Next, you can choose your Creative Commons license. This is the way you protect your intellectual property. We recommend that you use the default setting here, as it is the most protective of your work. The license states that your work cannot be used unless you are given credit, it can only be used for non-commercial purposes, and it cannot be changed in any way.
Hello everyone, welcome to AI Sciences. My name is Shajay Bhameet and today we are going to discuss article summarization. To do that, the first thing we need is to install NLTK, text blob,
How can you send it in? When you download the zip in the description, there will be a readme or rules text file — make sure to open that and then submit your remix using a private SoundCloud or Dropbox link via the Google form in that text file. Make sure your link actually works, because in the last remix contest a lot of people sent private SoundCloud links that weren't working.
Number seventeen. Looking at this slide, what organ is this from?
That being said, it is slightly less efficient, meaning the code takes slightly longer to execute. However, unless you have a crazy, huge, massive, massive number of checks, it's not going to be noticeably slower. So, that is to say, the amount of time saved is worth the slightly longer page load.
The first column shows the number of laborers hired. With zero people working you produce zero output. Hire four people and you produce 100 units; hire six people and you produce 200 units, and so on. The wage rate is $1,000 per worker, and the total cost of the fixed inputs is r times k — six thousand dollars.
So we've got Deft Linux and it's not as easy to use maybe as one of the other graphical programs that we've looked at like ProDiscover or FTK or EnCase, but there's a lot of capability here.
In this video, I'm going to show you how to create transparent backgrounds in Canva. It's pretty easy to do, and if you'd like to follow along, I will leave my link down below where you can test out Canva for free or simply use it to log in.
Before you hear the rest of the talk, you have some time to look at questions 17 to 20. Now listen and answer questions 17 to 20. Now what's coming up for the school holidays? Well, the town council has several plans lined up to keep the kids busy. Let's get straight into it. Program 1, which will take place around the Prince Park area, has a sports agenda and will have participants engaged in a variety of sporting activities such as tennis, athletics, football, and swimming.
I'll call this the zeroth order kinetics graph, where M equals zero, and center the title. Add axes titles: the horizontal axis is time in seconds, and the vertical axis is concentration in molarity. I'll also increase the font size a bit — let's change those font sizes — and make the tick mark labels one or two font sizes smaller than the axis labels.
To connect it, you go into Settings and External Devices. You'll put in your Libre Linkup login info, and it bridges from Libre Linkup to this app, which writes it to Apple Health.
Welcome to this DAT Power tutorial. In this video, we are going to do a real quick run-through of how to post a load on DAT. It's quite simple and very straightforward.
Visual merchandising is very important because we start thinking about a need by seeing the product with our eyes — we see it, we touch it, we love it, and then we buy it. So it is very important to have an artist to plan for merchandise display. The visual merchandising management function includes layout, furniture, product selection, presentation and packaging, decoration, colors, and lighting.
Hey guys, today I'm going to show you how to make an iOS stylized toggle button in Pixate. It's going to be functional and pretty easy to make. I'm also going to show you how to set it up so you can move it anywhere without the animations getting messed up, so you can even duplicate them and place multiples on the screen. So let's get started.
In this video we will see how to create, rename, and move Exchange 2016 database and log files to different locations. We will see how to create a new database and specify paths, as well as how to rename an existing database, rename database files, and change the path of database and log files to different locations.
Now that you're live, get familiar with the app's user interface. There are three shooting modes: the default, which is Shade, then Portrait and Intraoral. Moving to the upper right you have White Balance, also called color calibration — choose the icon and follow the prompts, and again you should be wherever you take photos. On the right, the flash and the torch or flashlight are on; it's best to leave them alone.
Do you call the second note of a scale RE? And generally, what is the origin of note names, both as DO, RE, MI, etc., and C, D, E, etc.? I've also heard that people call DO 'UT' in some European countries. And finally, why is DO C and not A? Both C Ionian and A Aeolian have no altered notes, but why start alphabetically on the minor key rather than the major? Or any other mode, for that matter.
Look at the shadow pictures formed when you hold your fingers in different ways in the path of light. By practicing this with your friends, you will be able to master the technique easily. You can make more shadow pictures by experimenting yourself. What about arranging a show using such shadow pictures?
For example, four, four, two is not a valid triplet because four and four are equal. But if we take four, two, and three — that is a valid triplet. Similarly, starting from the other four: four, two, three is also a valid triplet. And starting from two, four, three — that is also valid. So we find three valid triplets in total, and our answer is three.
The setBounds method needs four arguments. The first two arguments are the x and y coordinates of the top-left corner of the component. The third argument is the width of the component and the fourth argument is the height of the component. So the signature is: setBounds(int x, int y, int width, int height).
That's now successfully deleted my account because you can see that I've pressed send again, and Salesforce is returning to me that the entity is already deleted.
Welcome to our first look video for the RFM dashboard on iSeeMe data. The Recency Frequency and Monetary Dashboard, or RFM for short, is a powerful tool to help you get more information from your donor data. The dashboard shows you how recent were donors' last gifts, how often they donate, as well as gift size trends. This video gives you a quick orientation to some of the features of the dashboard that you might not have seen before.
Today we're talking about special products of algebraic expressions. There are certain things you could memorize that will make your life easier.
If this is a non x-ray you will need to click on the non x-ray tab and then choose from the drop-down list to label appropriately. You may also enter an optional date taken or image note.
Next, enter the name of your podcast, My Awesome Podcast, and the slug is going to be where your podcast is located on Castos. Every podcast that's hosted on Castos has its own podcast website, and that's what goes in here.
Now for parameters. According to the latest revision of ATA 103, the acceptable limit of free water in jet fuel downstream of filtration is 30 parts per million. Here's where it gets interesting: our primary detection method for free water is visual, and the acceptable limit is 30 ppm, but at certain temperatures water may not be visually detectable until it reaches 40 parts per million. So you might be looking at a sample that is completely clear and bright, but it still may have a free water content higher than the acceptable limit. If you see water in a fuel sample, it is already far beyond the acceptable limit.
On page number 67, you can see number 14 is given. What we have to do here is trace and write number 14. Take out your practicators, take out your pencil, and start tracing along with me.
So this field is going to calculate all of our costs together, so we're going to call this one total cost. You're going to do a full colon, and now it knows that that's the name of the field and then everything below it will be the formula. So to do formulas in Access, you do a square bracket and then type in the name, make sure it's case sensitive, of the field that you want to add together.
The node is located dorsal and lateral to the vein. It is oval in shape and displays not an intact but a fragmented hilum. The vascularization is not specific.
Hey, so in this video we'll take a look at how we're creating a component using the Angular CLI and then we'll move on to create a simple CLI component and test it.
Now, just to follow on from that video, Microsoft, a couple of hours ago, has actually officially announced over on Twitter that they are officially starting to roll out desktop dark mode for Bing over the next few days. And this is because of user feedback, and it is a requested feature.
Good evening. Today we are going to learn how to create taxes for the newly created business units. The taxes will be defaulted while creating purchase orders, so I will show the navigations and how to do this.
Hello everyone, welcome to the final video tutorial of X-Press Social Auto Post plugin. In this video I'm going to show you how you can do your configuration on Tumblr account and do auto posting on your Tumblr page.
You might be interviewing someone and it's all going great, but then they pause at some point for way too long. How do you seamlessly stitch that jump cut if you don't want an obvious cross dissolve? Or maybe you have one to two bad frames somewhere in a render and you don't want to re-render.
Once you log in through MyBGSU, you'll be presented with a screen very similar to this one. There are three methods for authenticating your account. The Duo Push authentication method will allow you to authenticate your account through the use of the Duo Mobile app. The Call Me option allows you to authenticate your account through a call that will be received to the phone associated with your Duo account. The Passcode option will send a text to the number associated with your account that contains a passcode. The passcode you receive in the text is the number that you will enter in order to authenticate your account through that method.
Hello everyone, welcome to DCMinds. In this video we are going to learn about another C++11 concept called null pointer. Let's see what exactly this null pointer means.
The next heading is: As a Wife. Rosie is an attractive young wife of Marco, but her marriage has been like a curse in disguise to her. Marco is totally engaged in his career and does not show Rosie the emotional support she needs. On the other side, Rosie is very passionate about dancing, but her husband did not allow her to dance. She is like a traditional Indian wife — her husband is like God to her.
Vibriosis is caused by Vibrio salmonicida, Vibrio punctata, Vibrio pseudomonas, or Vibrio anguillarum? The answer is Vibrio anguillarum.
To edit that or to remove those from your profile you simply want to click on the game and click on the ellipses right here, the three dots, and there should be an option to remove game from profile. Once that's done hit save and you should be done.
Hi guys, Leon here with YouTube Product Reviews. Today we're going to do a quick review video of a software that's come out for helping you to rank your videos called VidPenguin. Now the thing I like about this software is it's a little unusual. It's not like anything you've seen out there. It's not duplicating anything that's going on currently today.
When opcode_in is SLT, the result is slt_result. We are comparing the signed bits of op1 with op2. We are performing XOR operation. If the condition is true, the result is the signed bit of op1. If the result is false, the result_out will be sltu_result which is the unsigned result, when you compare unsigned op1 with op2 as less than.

____

- _Required work_:
Quote the listing above, but only from the line that shows "To connect it, you" through the line that shows "Now that you're".

- _Output below_:
To connect it, you go into Settings and External Devices. You'll put in your Libre Linkup login info, and it bridges from Libre Linkup to this app, which writes it to Apple Health.
Welcome to this DAT Power tutorial. In this video, we are going to do a real quick run-through of how to post a load on DAT. It's quite simple and very straightforward.
Visual merchandising is very important because we start thinking about a need by seeing the product with our eyes — we see it, we touch it, we love it, and then we buy it. So it is very important to have an artist to plan for merchandise display. The visual merchandising management function includes layout, furniture, product selection, presentation and packaging, decoration, colors, and lighting.
Hey guys, today I'm going to show you how to make an iOS stylized toggle button in Pixate. It's going to be functional and pretty easy to make. I'm also going to show you how to set it up so you can move it anywhere without the animations getting messed up, so you can even duplicate them and place multiples on the screen. So let's get started.
In this video we will see how to create, rename, and move Exchange 2016 database and log files to different locations. We will see how to create a new database and specify paths, as well as how to rename an existing database, rename database files, and change the path of database and log files to different locations.
Now that you're live, get familiar with the app's user interface. There are three shooting modes: the default, which is Shade, then Portrait and Intraoral. Moving to the upper right you have White Balance, also called color calibration — choose the icon and follow the prompts, and again you should be wherever you take photos. On the right, the flash and the torch or flashlight are on; it's best to leave them alone.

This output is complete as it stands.